While living longer is a triumph of public health, medicine, and development, longer lifespans without sufficient social and family support present new challenges.
The new urban landscape: Loss of space and role for elders
The estate where I was raised was ground level, with green spaces and active community ties. Now, many elderly Malaysians live in sprawling urban centers that offer minimal outdoor spaces or communal activities.
Public transportation is often unsuitable or unsafe for the elderly, contributing to social isolation.
Living in Project Perumahan Rakyat (PPR) flats stacked several floors above ground, these seniors find themselves confined without the opportunity to garden or engage in physical work they once loved.
Unlike before, they rarely assist in grandchild care since parents place their children in formal care and education at younger ages.
The once vibrant communal life is thinning into silence and solitude.
Living long but dying alone?
This question haunts many families and policymakers.
The traditional model of aging, where elders lived surrounded by children and grandchildren in multi-generational homes, is eroding.
Families are spread thin by economic necessity and urban migration.
Seniors often live alone or in retirement homes with minimal social interaction.
Loneliness, depression, and chronic illnesses loom as serious health detriments to the aging population.

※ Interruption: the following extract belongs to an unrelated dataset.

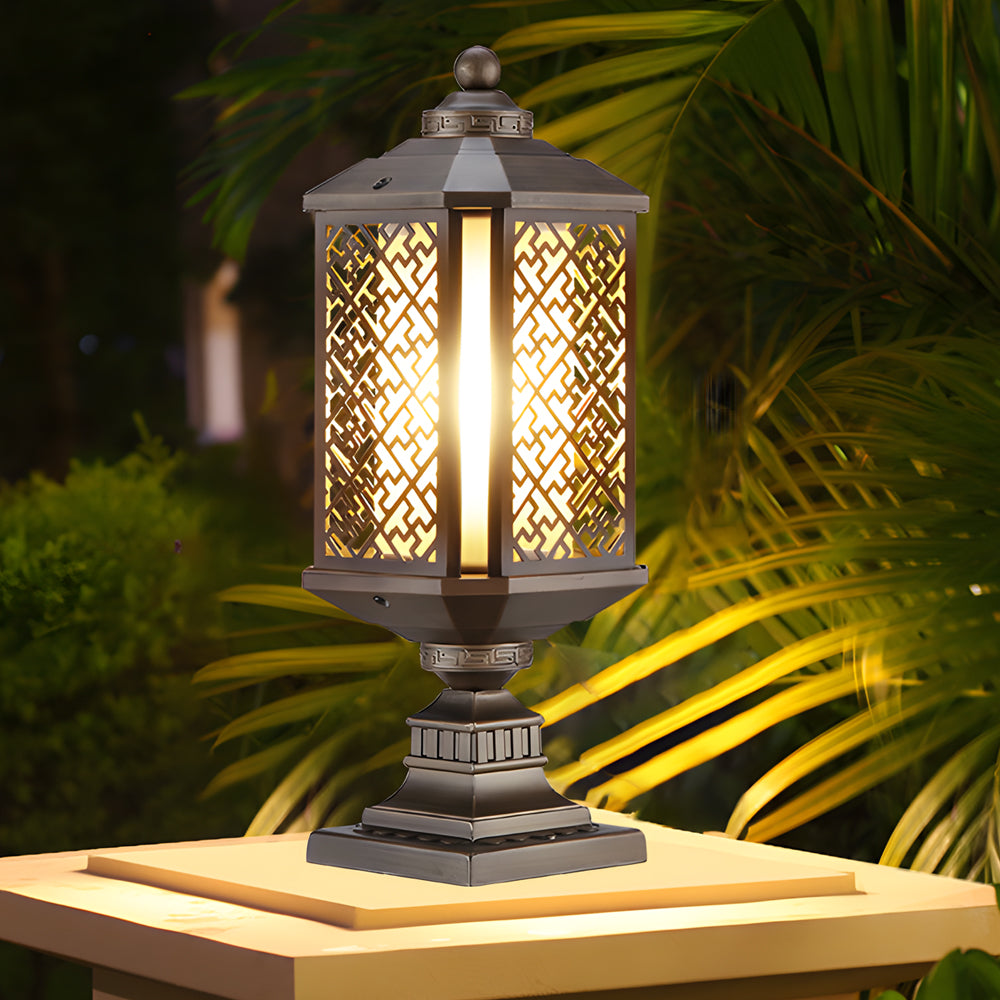 Modern outdoor pillar lights with intricate designs, providing warm illumination in a garden.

The social fabric that once held together family and community care is fraying in the face of modernization.
Five concrete plans for RMK-13 (Malaysia’s 13th Malaysia Plan) to support an aging society
To ensure that living long does not translate to dying alone, Malaysia’s development policies must urgently adapt.

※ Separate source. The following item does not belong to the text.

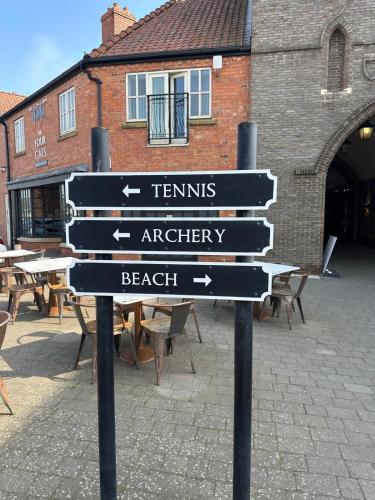 a street sign in front of a building at Sunrise Cove, The Bay, Filey in Filey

Here are five essential actions for RMK-13:
Promote age-friendly housing: Design new low-cost housing with shared communal spaces, gardens, and easy access to transportation.

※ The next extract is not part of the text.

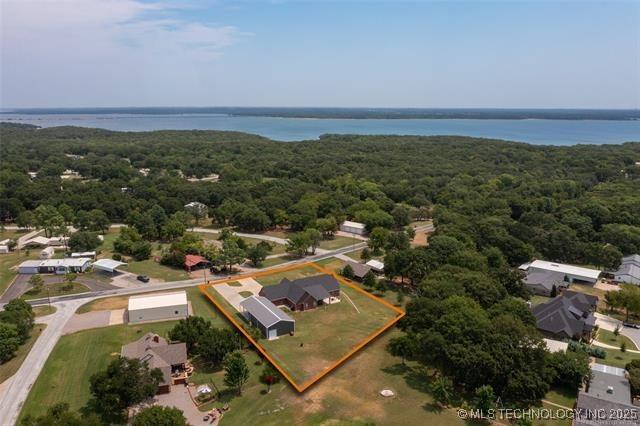 birds eye view of property featuring a water view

Renovate existing PPR flats to include elderly-friendly features like elevators, ramps, and common areas for social interaction.
Encourage intergenerational programs: Launch community centers and programs where seniors and youths engage together—gardening clubs, story-telling sessions, skill-sharing workshops—to rebuild social bonds across generations.
Enhance home-based elderly care services: Expand and subsidize services like home nursing, physiotherapy, and daily living assistance, enabling elderly to remain in familiar environments while receiving proper care.
Develop public transportation and mobility aids: Improve accessibility with low-floor buses, better sidewalks, and senior-friendly transit passes, reducing isolation caused by mobility challenges.
Support family caregivers: Provide caregivers with financial incentives, training, and respite services, acknowledging the crucial role of families in elderly care and relieving their burden.
A vision for the future
The aging society is not just a statistic or policy challenge; it is a story of people—of grandparents who once worked side-by-side with their children and grandchildren, who deserve to live their golden years in dignity and connection.
By blending lessons from the past with innovative urban planning and compassionate social policies, Malaysia can create spaces where elders remain active, valued, and cared for.
We must ask ourselves not only how to add years to life but how to add life to years.
The plantations may have faded, but the values they nurtured—care, kinship, contribution—can and must live on.
RMK13 must seriously take cognizance of the growing pain of the elders and address this without fail, in order to ensure the old are not meant to decay and rot away.
The writer is an active social worker.